> **PROVIDED MATERIAL**

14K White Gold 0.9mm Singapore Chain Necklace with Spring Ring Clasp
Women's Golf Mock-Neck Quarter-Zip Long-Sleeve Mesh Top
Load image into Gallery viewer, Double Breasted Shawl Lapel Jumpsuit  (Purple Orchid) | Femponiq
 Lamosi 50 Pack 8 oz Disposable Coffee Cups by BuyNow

> **EXERCISE GOAL**
All of the data is to be written out again, word for word.

> **RESPONSE**
14K White Gold 0.9mm Singapore Chain Necklace with Spring Ring Clasp
Women's Golf Mock-Neck Quarter-Zip Long-Sleeve Mesh Top
Load image into Gallery viewer, Double Breasted Shawl Lapel Jumpsuit  (Purple Orchid) | Femponiq
 Lamosi 50 Pack 8 oz Disposable Coffee Cups by BuyNow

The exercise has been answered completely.